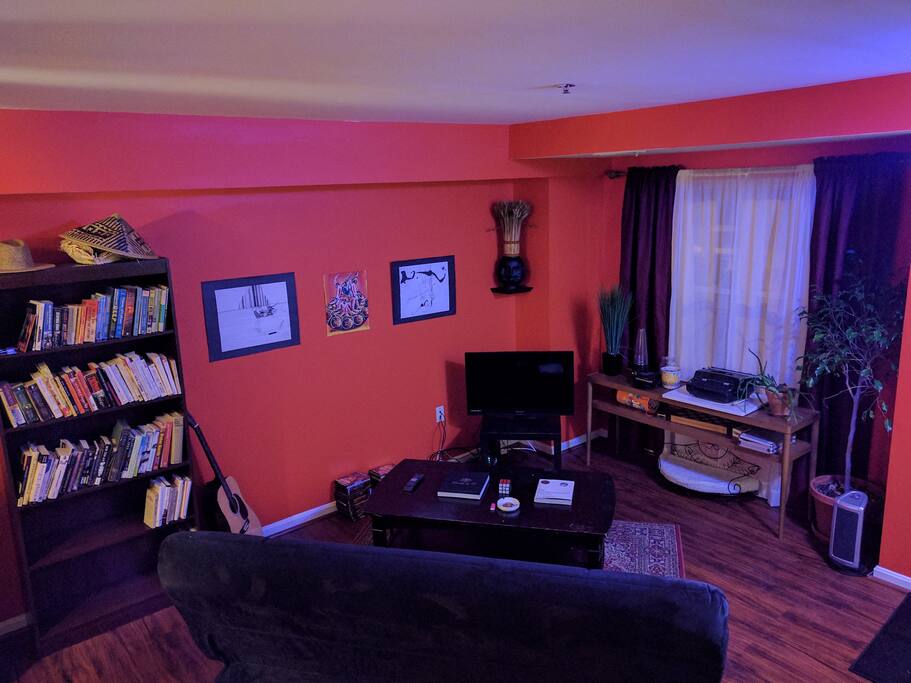 Living room with couch that turns into a bed.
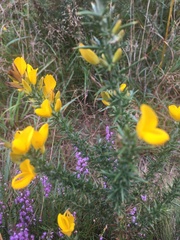 Ulex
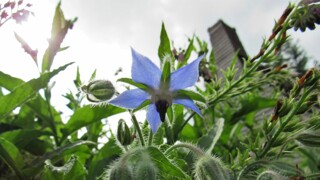 Borage garden tour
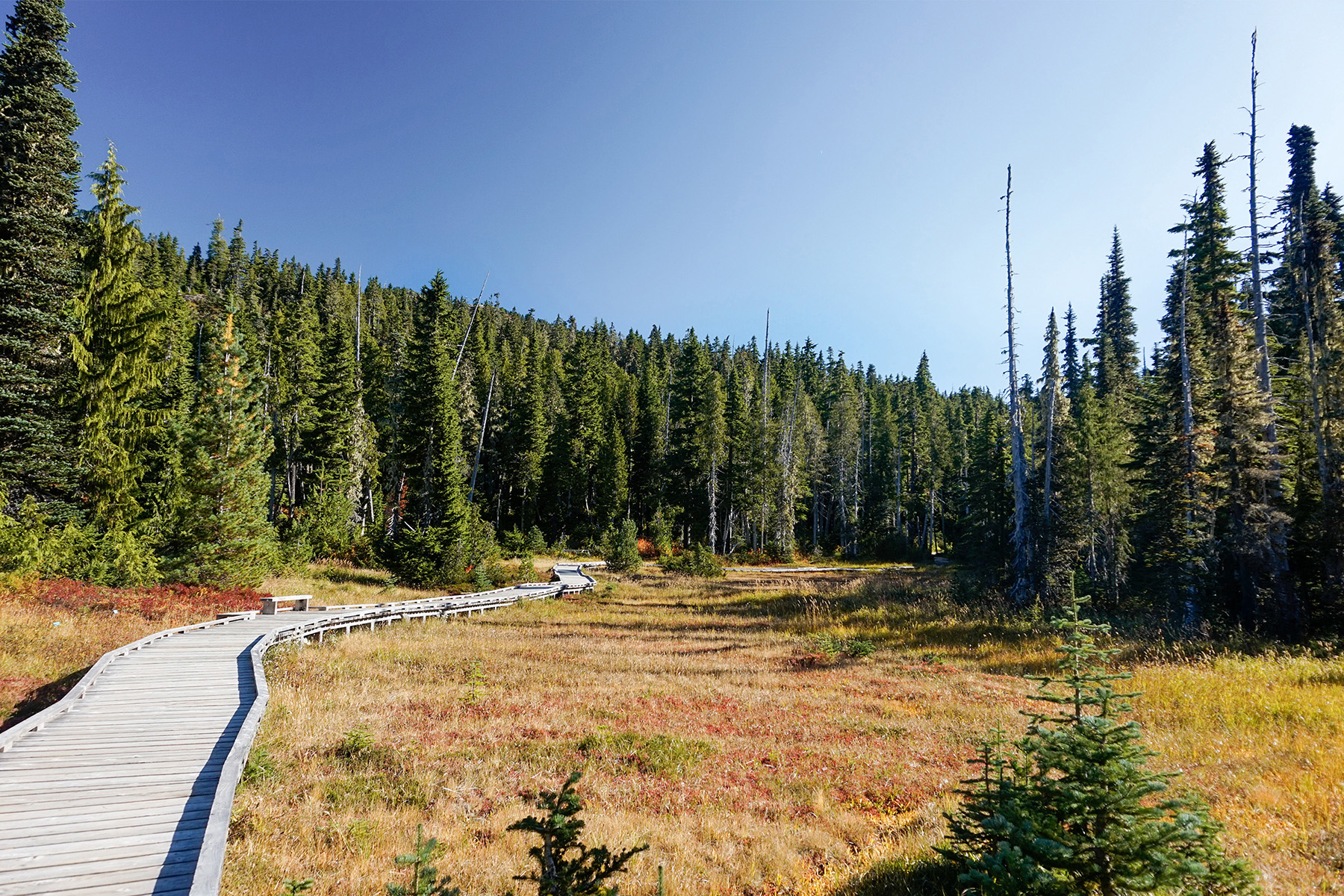 14. <strong>Courtenay, British Columbia</strong><br><strong>The skinny:</strong> 114% increase; eco-friendly base camp for adventures on Vancouver Island <br><strong>Choicest digs:</strong> <a href="https://www.airbnb.com/rooms/26717465?location=Courtenay%2C%20Canada&adults=1&source_impression_id=p3_1572464428_sM5rF2EEL2dvQ4Ph">Riverfront Farm Tiny Home</a>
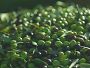 Video 1 for Colonna Extra Virgin Olive Oils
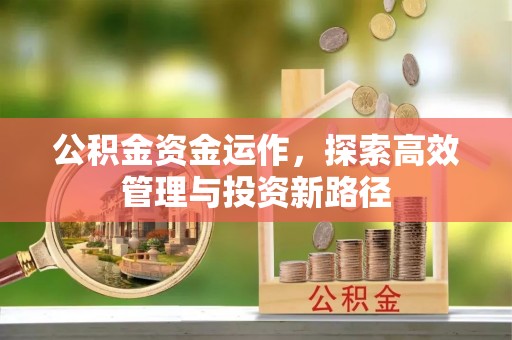 新邵公积金资金运作，探索高效管理与投资新路径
_____
▸ **EXERCISE GOAL**
All lines from the one containing "Video 1 for Colonna Extra Virgin Olive Oils" to the last line of the records above, and no others, should be returned unchanged, without pictures.

▸ **ANSWER TO THE EXERCISE**
 Video 1 for Colonna Extra Virgin Olive Oils
 新邵公积金资金运作，探索高效管理与投资新路径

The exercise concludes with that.